Distorted picture
Friday, April 13, 2001
San Jose Mercury News

News media are very big on crime-by-kids stories -- at a time when violent juvenile crime is declining.

YOUTH hardly ever show up in our newspapers or on nightly newscasts, but when they do, they are overly linked to violence or crime.

In a stunning rebuke, a new study concludes that the media routinely botch reports on the crime rate, the proportion of violent crime and the proportion of crime committed by youth of color. All of this at a time when violent crime by juveniles has actually dipped.

The skewed lens has ruinous effects: It punctures media credibility and, equally damning, it perpetuates an inaccurate and unfair image of crime in America.

The Berkeley Media Studies project, "Off Balance: Youth, Race and Crime in the News," reviewed crime coverage in news outlets across the nation.

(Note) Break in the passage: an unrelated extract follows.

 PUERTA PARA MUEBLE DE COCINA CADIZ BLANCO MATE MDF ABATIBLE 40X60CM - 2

The study, commissioned by Building Blocks for Youth, a national juvenile advocacy group, found:

  • A California study showed one out of every two TV news stories concerning children or youth involved violence, but only 2 percent of young people in California were either victims or perpetrators of violence.
  • Homicide coverage on network news increased 473 percent from 1990 to 1998, while homicides decreased 32.9 percent during that time. While there was a 68 percent decline in homicides committed by youth from 1993 to 1999, 62 percent of the public still believed that youth crime was on the rise.
  • Three-fourths of the media studies on the race of perpetrators found that minorities were depicted substantially in excess of their rates of offending.

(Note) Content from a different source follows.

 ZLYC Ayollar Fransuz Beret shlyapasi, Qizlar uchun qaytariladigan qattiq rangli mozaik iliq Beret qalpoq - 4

Regrettably, if news audiences are swallowing crime coverage at face value, disturbing assumptions will abound.

They are likely to suspect that most crime is extremely violent and that perpetrators are black or Latino and victims, white. If news audiences have little contact with young people, they are likely to think that youth are threats. This is in part because there are so few other representations of youth to the contrary, the study's authors conclude.

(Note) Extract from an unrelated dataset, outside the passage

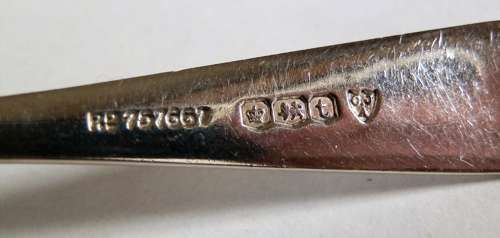 Silver medicine spoon, Sheffield 1936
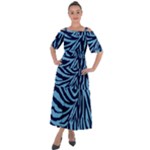 Zebra 3 Shoulder Straps Boho Maxi Dress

Small wonder, then, that the public believes youth crime is out of control and supports lock-'em-up justice policies based largely on media distortion.

In a profession that prides itself on "just the facts," news outlets have been remarkably inclined to report fiction, not to mention reinforce stereotypes.

Crime is a serious problem that demands news attention and political action. But our response is severely crippled -- often fostering bad policies -- when the press abdicates its basic responsibility to tell the truth.